Aerobic biodegradation of petroleum hydrocarbons including benzene, toluene, ethylbenzene, and xylenes (BTEX), polycyclic aromatic hydrocarbons (PAHs), and alkanes is typically initiated by oxygenase enzymes (see[8][9] for review). Many qPCR assays targeting these oxygenase genes have been developed[10] to quantify aerobic BTEX and PAH degraders and employed to evaluate the potential for aerobic biodegradation during MNA or enhanced aerobic bioremediation[11][12]. In addition, RT-qPCR assays have been developed to quantify expression of oxygenase genes to more directly assess aerobic biodegradation activity[13][14].

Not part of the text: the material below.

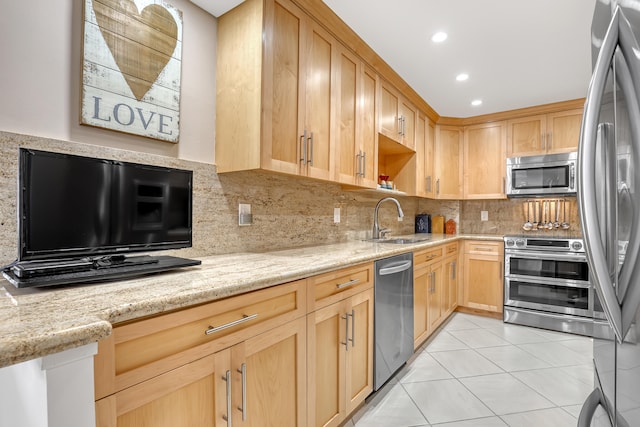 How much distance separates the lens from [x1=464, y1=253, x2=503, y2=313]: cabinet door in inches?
136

Pathways and the corresponding genes have also been identified for anaerobic BTEX and naphthalene biodegradation. For toluene, ethylbenzene, and xylenes (alkyl substituted aromatics), anaerobic biodegradation is initiated by a benzylsuccinate synthase enzyme. qPCR assays have been developed to quantify the corresponding benzylsuccinate synthase (bssA) gene to evaluate anaerobic aromatic hydrocarbon biodegradation[15][16][17]. More recently, carboxylase genes have been implicated in initiating anaerobic biodegradation of benzene and naphthalene[18][19].

Use at Perchlorate Sites

Perchlorate is not readily absorbed, volatilized, or abiotically degraded making biodegradation the most important attenuation mechanism. Under anoxic conditions, perchlorate can serve as an electron acceptor and is sequentially biodegraded to chlorite and then to chloride and oxygen[20][21]. qPCR assays targeting perchlorate reductase and chlorite dismutase genes can be an important line of evidence to assess biodegradation of perchlorate[22].

Sampling Locations

As with any site assessment tool, selection of sampling locations is a critical step. Here are a few guidelines for selecting sampling locations to ensure that the results aid in meaningful site management decisions:

  • Background samples: Comparison of qPCR results for non-impacted background samples results with impacted samples provides stronger evidence, particularly at petroleum hydrocarbon sites. Higher concentrations of contaminant-degrading microorganisms or functional genes (e.g., bssA) in samples from impacted areas relative to the background samples indicate selection and growth of contaminant degraders within the contaminant plume.
  • Baseline samples: As with background samples, qPCR results from baseline samples collected and analyzed prior to treatment serve as the basis for comparison to evaluate growth of contaminant-degrading bacteria in response to the selected remediation strategy.
  • Impacted samples: Sampling locations that represent distinct zones within the contaminant plume based on contaminant concentrations and geochemical conditions.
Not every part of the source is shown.